Grouping of interfaces

Many of our routers have several hundred links, and being able to group them is a requirement. The simplest type of grouping is doing a database lookup on what interfaces are links to core, or “more central” routers and sorting them first. Having a separate panel/table for this is fine, but influx doesn’t give us this information. We need to correlate with a traditional SQL database.

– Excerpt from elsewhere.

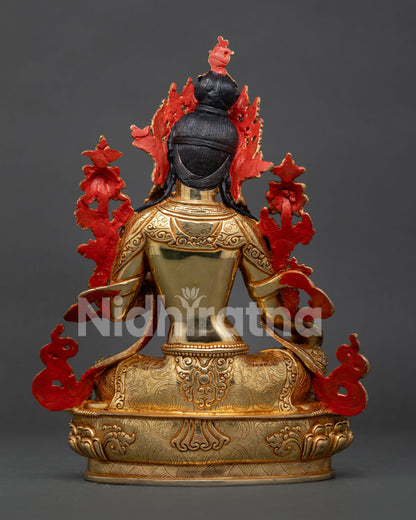Traditional Green Tara statue Nepalese Buddhist artwork.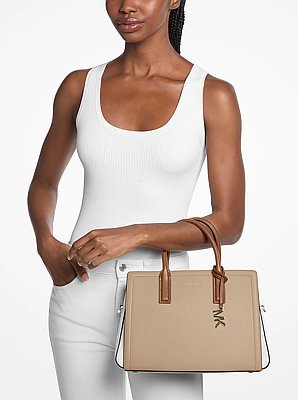 Michael Kors Laila Medium Color-Block Pebbled Leather Satchel - Image 4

An other example is for big customers, we might want to do the inverse. E.g.: Look up the customer, find all routers and interfaces they use and make some fancy graphs. That would be some really nasty template variables today.

Tables

This one seems almost silly…

We generate a table of interfaces that contain the interfacename, calculated bandwidth usage and utilization, and description for the interface. But because influx doesn’t support joins (unless you use Flux, and that’s a different story), we end up with a monstrosity of a query. I am inclined to blame this on Influx, but the end result is the same: We get a table that takes MUCH longer to load than loading actual traffic stats.

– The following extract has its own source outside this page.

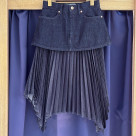 [Okayama Denim] DENIM PLEATS LAYERED SK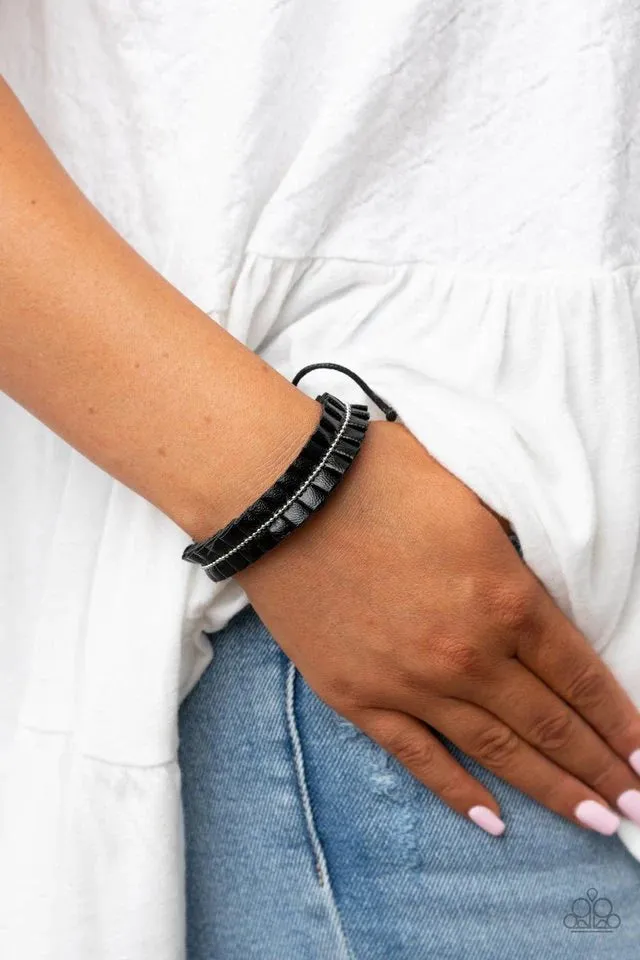 Paparazzi Hard to PLEATS- Black Bracelet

Part of the challenge is that an interface isn’t necessarily just an interface. Traffic stats tend to be per physical link, but a logical interface might have multiple physical links and it’s the logical one we’re after.

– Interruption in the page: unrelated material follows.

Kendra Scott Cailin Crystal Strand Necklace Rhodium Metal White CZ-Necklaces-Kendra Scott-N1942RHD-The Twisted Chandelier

I’m not sure I see a clear solution to this - we’re probably going to be experimenting with table panels in the near future, but I can imagine being able to post-process data would give us far more options.

Conclusion

I suppose what I really want to see first is the ability to populate “internal” template variables with a script we can provide per dashboard.

My suggestion is we start working on a prototype, but first I’d very much like some thoughts from someone who’s more familiar with the future plans for Grafana. Maybe some big-picture takes. And ideally some communication during the prototyping so it isn’t just us guessing at what would be best for Grafana and praying that after 12 months of work, it would be accepted upstream.

1 Like

Would love to explore an evolution and re-imagining of scripted dashboards. This is on our roadmap for next year. I realize this is not a good timeline for you so let’s see what we can do short term.

The problem with retention periods is a big problem for InfluxDB as it does not have a transparent way to query different rollups / retentions. Not sure it’s a Grafna problem or something that can be fixed in Influx primarily.

Great to hear from you and thanks for the reply. What are you initial thought around our “script hooks” proposal in this topic?

Also, where do we go from here? What would be the best way for us to discuss and collaborate going forward?

I have posted the same question to the “Grafana developers” mail group with some code examples and a screenshot. I hope we can continue this conversation either here or through the mail group. If this is the best place for it I will post the code examples and screenshots here as well.